Exercise requirements:
Start the copy at the line holding "ARKANSAS ETHICS COMMISSION" and continue it exactly through the last line of the entries, leaving out pictures and anything else.

Start of Block

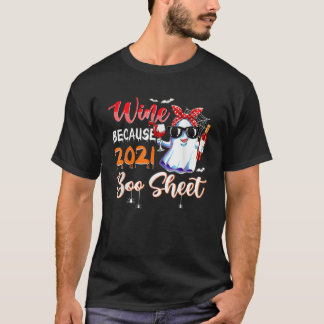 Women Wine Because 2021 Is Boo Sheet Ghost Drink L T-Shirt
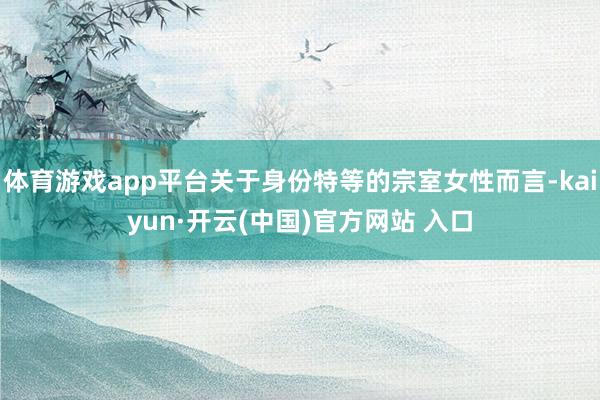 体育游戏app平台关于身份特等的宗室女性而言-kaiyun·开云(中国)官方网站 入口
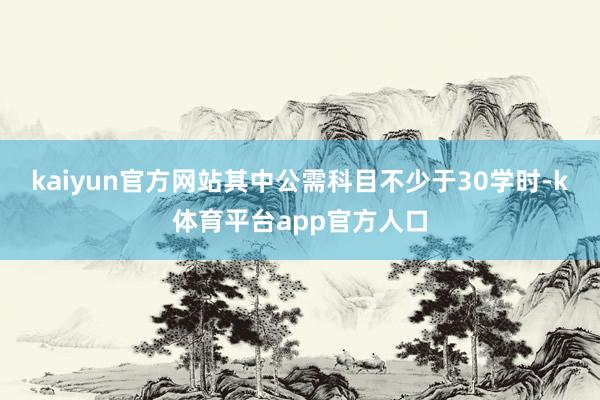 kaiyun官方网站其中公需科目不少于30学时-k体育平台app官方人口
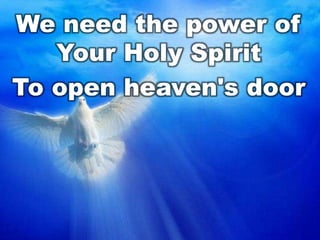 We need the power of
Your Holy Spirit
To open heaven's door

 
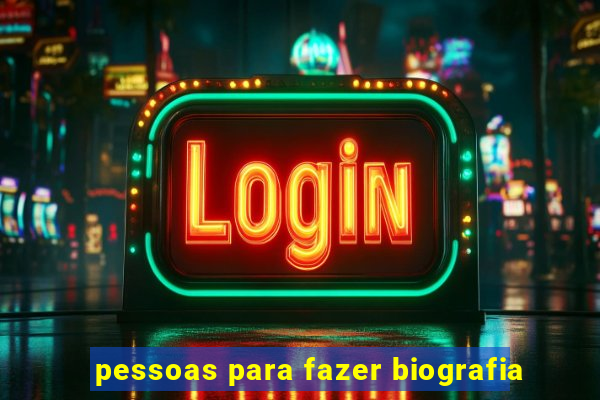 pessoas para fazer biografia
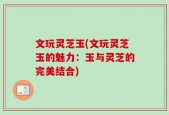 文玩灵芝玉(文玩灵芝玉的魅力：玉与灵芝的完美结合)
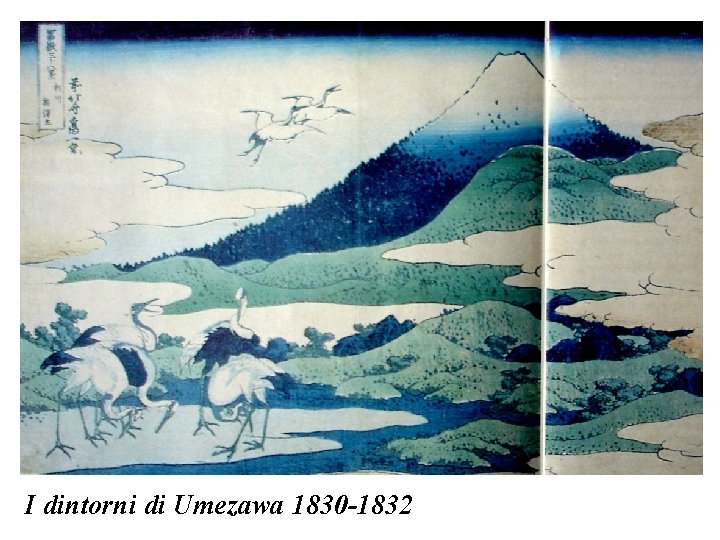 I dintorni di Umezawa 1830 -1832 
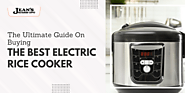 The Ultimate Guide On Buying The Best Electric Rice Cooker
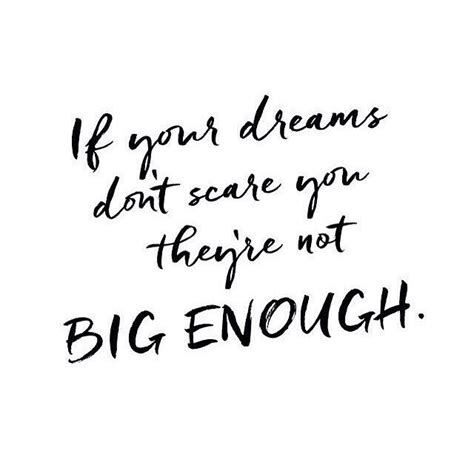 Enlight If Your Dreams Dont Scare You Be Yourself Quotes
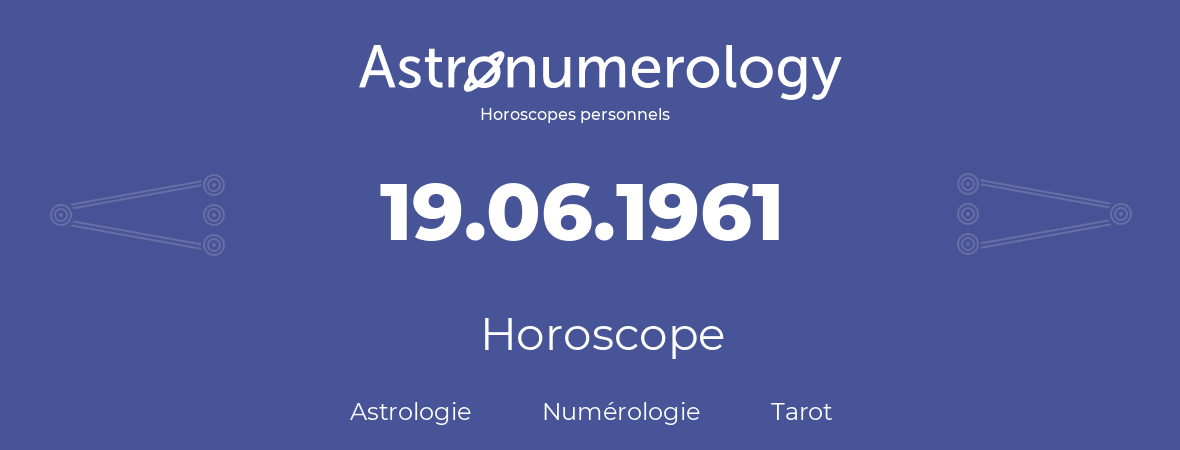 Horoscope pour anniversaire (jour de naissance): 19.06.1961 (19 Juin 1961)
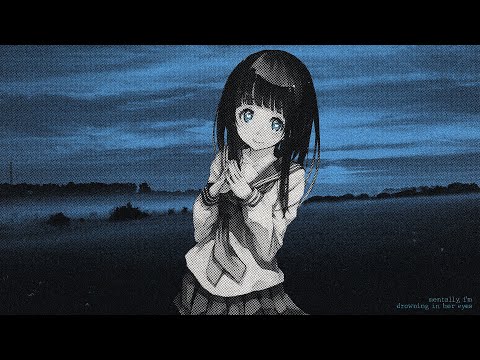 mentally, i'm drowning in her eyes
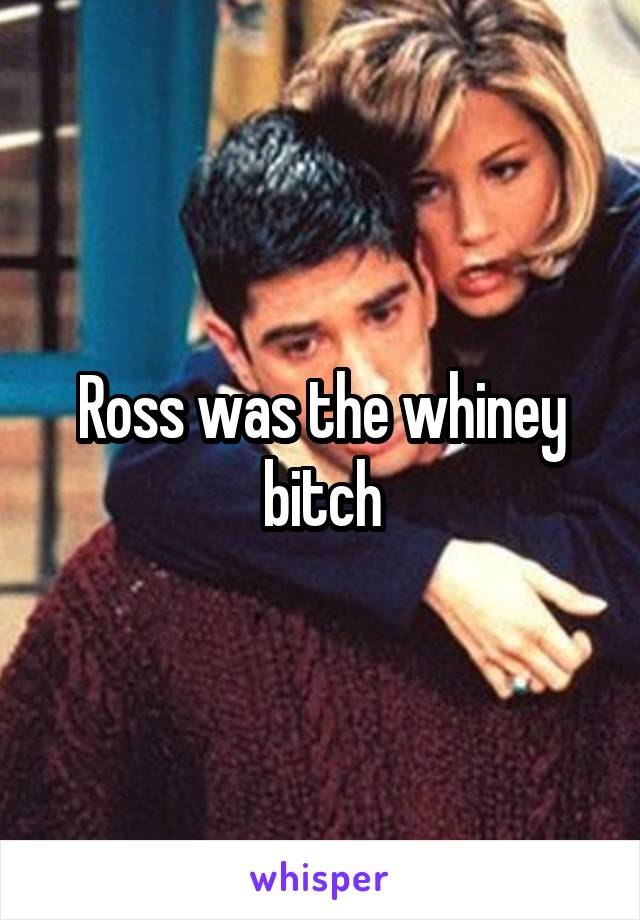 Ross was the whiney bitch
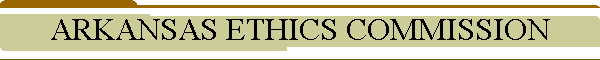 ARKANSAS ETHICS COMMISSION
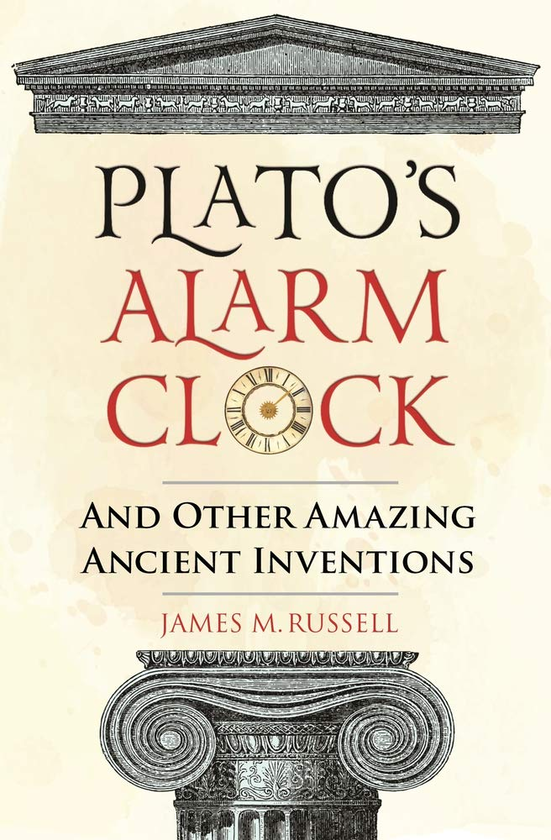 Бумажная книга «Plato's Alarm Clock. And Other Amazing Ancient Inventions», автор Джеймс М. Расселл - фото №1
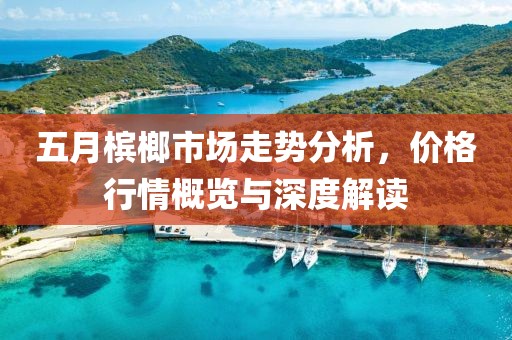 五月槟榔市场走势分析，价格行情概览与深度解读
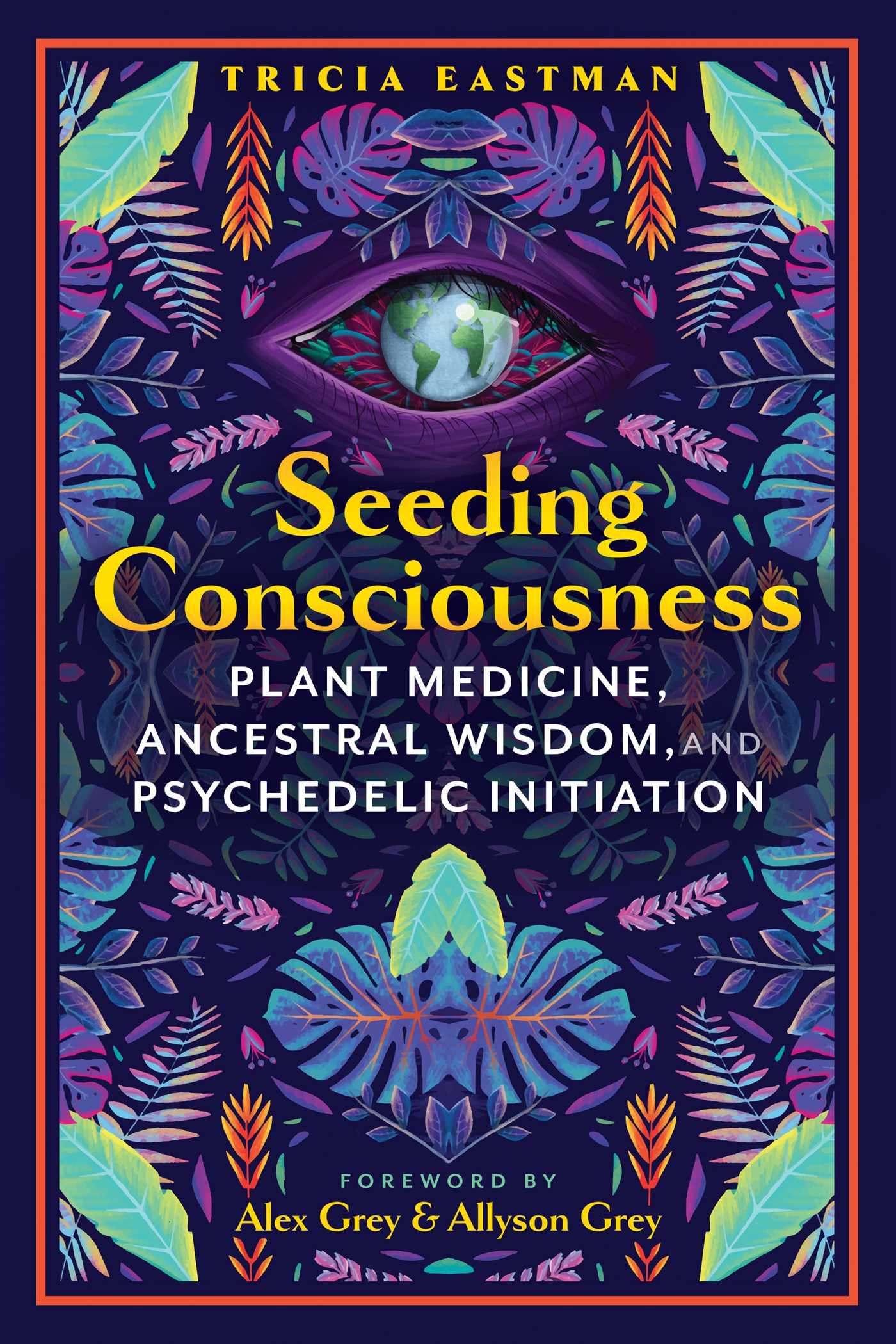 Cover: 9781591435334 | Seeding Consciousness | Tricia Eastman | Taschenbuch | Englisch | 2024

End of Block

Solution for this exercise:
 ARKANSAS ETHICS COMMISSION
 Бумажная книга «Plato's Alarm Clock. And Other Amazing Ancient Inventions», автор Джеймс М. Расселл - фото №1
 五月槟榔市场走势分析，价格行情概览与深度解读
 Cover: 9781591435334 | Seeding Consciousness | Tricia Eastman | Taschenbuch | Englisch | 2024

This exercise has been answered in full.